阪神打線は早いカウントから仕掛け続けました。難敵相手の場合、積極的な好球必打はある程度は仕方がありません。ただ、この日に限れば、真っ向勝負する打者が多すぎたようにも感じました。3球以内でスイスイとアウトを奪われ続ける中、もう少し流れを変える策を追求する打席が多くても良かったのではないでしょうか。たとえば逆方向にファウルを打ち続けてとことん粘る打者がいれば、ここまで大野投手を楽にはさせなかったはずです。

それにしても、ロドリゲス選手がやや心配です。いわゆる「手伸びゾーン」に長打のツボはありますが、体に近い直球に差し込まれる回数が多く、外角低めの変化球にも手を出しがち。あそこまで力ずくで引っ張りすぎる打者は、投手からすれば意外と打ち取りやすいものです。この日は痛烈な当たりもありましたが、9回裏無死一、二塁でも最後は外角低めツーシームを引っかけて遊ゴロ併殺打。パワーはあるのだから、もう少し逆方向に押っつける意識を持っても損はしないと思います。

タイガースにとって、ロドリゲス選手は「打ってもらわなければ困る選手」です。新型コロナ感染者が増えている今はそれどころではありませんが、もともとは大山選手ら主力のポジションを動かしてまで、一塁スタメンを任せている選手なのですから。ポジションが固定されている選手と逆の選手では、固定されていない選手の方がミスが出やすいのは当たり前。
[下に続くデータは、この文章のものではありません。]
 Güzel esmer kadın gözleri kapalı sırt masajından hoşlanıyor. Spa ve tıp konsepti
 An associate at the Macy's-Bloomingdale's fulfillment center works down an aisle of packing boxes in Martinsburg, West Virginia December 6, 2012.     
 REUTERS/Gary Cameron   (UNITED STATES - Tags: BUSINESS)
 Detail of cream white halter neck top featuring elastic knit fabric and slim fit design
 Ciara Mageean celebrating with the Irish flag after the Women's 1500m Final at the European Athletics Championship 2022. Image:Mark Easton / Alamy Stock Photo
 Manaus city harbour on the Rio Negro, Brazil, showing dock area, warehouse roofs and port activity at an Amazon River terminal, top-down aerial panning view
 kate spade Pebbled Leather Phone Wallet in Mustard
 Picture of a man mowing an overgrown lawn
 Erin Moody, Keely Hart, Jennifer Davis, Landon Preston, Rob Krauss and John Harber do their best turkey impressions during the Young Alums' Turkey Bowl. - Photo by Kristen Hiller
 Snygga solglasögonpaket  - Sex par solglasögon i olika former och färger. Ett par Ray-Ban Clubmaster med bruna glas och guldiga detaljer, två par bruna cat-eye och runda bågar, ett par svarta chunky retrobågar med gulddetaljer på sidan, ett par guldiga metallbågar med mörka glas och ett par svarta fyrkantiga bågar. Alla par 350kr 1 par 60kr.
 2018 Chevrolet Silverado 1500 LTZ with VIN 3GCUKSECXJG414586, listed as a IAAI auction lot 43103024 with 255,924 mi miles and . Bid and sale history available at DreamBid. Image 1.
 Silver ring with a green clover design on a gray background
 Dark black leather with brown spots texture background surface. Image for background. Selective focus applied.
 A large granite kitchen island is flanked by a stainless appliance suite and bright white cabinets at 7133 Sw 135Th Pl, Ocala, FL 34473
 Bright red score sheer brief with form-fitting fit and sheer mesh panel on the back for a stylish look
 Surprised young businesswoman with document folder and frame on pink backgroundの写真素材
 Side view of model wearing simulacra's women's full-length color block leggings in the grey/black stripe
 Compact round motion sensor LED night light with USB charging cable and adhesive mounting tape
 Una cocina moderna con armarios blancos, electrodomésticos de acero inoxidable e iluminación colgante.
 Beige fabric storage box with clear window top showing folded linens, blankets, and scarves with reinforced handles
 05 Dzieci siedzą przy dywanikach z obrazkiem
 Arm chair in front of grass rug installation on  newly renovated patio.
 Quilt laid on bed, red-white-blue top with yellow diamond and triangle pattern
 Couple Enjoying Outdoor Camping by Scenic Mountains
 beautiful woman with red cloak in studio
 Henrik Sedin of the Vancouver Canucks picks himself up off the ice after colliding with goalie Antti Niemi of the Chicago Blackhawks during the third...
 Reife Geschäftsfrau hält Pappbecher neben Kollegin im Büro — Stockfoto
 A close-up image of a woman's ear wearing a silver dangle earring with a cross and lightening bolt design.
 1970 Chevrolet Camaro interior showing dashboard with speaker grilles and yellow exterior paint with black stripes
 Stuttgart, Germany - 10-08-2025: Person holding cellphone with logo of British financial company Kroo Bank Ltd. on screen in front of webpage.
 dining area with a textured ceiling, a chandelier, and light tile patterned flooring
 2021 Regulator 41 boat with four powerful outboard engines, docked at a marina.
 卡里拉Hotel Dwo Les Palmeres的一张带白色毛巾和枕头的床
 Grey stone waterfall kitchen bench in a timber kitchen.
守備のミスが増えるリスクを冒してまで使うには、やはり理由が必要です。

ロドリゲス選手は3番に入ってから4試合で14打数無安打。日本球界へのアジャストをのんびり待ち続ける猶予は、今の阪神にはありません。コロナ禍で苦しむチームの救世主になってもらうためにも、打席での考え方も含めた改善策を早急に話し合ってほしいものです。(日刊スポーツ評論家)


○…新外国人ロドリゲスは3番に入って4試合無安打で、打率は1割8分9厘まで降下した。大野雄の前に、4回無死一塁は強烈なゴロも三塁阿部の好守で併殺。抜けていれば好機拡大だったが、矢野監督は「まあまあ、そんなの言い出したら、何でも言えるよ」と話した。9回無死一、二塁は遊ゴロでこの日2つめの併殺。7月22日のDeNA戦で代打タイムリーを放つなど、鮮烈デビューを飾ったが、ここへきて18打席快音なし。異例の早さでつくられた応援歌もこの日から奏でられたが、期待に応えることはできなかった。